# Nootropics Helped Me



## Anonymous2012 (Jan 26, 2012)

I decided to try Alpha Brain, a nootropic supplement, and it removed my brain fog, lowered my anxiety, and made me more aware. I'm currently taking 4 pills a day. I noticed an improvement after two days. Most notably I noticed my vision returned to normal and my brain fog went away. My memory also slightly increased. Now bear in mind, I've been suffering from severe DP and DR for about 7 months. I've been to the doctor many times, including hospitalization. I became DP and DR after severe brain stress resulting from marijuana. I've been through intense therapy and I am currently taking psychotropic drugs. So I don't want to sound like this cured me. But I feel cured. I've been recovering for a while. It's been an arduous journey full of ups and downs. I just wanted to share this. The pills are expensive but I think they are worth a try.


----------



## lilnewk (Mar 15, 2012)

Anonymous2012 said:


> I decided to try Alpha Brain, a nootropic supplement, and it removed my brain fog, lowered my anxiety, and made me more aware. I'm currently taking 4 pills a day. I noticed an improvement after two days. Most notably I noticed my vision returned to normal and my brain fog went away. My memory also slightly increased. Now bear in mind, I've been suffering from severe DP and DR for about 7 months. I've been to the doctor many times, including hospitalization. I became DP and DR after severe brain stress resulting from marijuana. I've been through intense therapy and I am currently taking psychotropic drugs. So I don't want to sound like this cured me. But I feel cured. I've been recovering for a while. It's been an arduous journey full of ups and downs. I just wanted to share this. The pills are expensive but I think they are worth a try.

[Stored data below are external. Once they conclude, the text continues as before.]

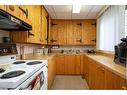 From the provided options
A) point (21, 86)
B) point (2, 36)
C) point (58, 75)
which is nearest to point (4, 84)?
point (21, 86)

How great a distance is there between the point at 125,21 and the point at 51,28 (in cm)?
318

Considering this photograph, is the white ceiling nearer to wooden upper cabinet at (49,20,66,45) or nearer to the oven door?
wooden upper cabinet at (49,20,66,45)

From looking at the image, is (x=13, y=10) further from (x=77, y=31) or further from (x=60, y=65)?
(x=77, y=31)

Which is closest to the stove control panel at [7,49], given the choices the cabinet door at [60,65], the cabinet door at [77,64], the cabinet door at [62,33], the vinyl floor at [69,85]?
the vinyl floor at [69,85]

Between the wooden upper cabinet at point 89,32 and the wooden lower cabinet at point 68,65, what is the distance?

where did you get it? how does it help all that stuff?


----------



## opie37060 (Jan 9, 2010)

Anonymous2012 said:


> I decided to try Alpha Brain, a nootropic supplement, and it removed my brain fog, lowered my anxiety, and made me more aware. I'm currently taking 4 pills a day. I noticed an improvement after two days. Most notably I noticed my vision returned to normal and my brain fog went away. My memory also slightly increased. Now bear in mind, I've been suffering from severe DP and DR for about 7 months. I've been to the doctor many times, including hospitalization. I became DP and DR after severe brain stress resulting from marijuana. I've been through intense therapy and I am currently taking psychotropic drugs. So I don't want to sound like this cured me. But I feel cured. I've been recovering for a while. It's been an arduous journey full of ups and downs. I just wanted to share this. The pills are expensive but I think they are worth a try.


I might have to try some of this stuff.


----------



## insaticiable (Feb 23, 2010)

Anonymous2012 said:


> I decided to try Alpha Brain, a nootropic supplement, and it removed my brain fog, lowered my anxiety, and made me more aware. I'm currently taking 4 pills a day. I noticed an improvement after two days. Most notably I noticed my vision returned to normal and my brain fog went away. My memory also slightly increased. Now bear in mind, I've been suffering from severe DP and DR for about 7 months. I've been to the doctor many times, including hospitalization. I became DP and DR after severe brain stress resulting from marijuana. I've been through intense therapy and I am currently taking psychotropic drugs. So I don't want to sound like this cured me. But I feel cured. I've been recovering for a while. It's been an arduous journey full of ups and downs. I just wanted to share this. The pills are expensive but I think they are worth a try.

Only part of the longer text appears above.